WHAT YOU ARE ASKED TO DO
The reply should contain the full listing exactly as written and no pictures at all.

SUPPLIED INFORMATION
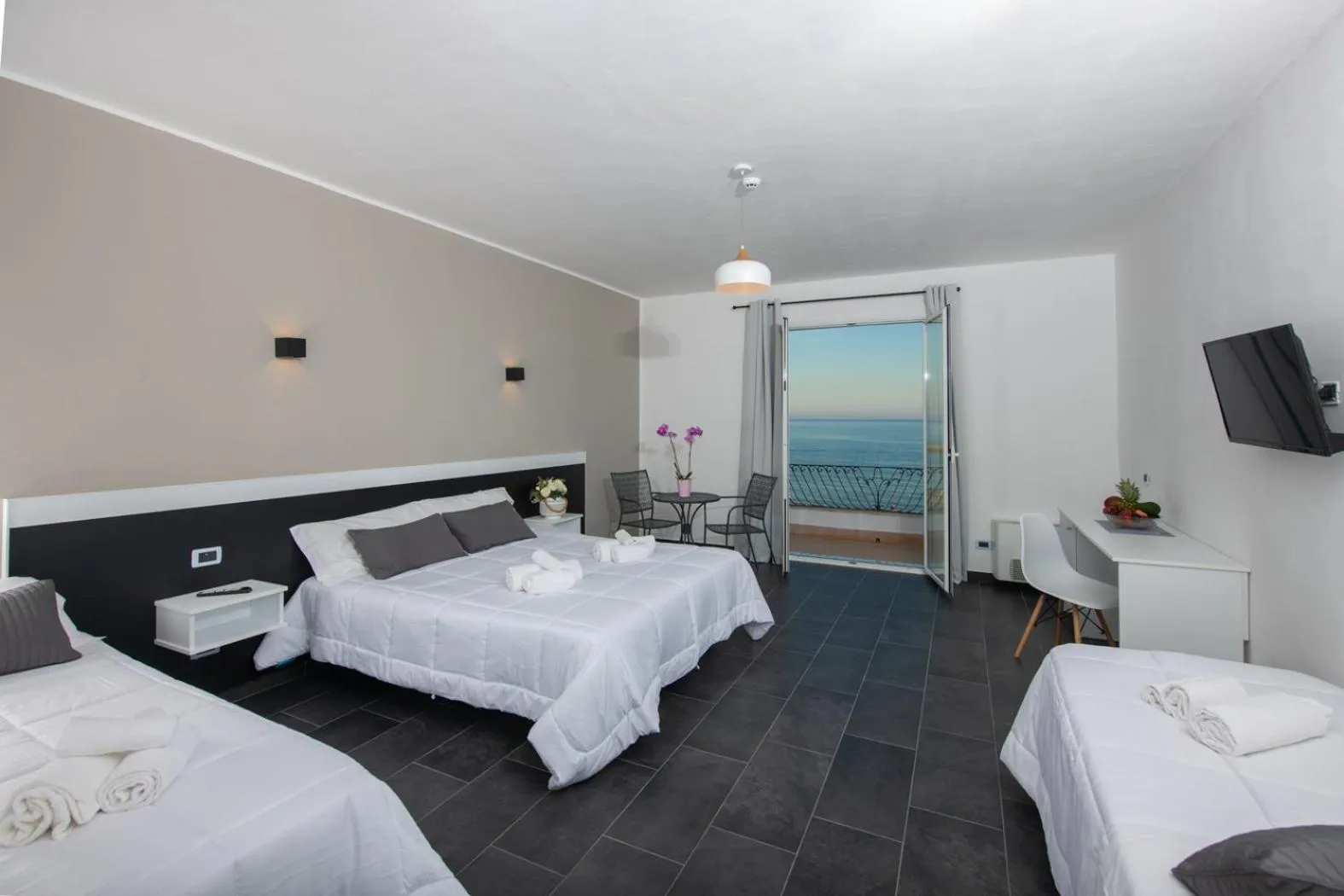 Bed in Hotel Baia D'oro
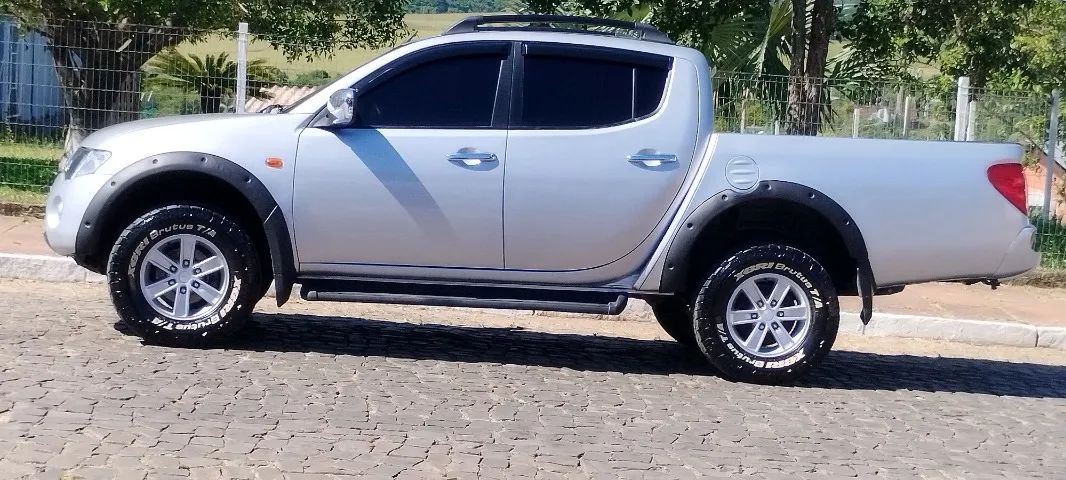 Mitsubishi L200 2010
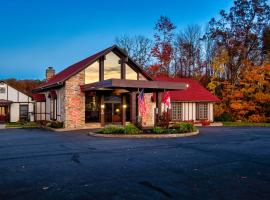 Red Roof Inn & Suites Hazleton，位于黑兹尔顿的浪漫度假酒店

SOLUTION FOR THIS EXERCISE
 Bed in Hotel Baia D'oro
 Mitsubishi L200 2010
 Red Roof Inn & Suites Hazleton，位于黑兹尔顿的浪漫度假酒店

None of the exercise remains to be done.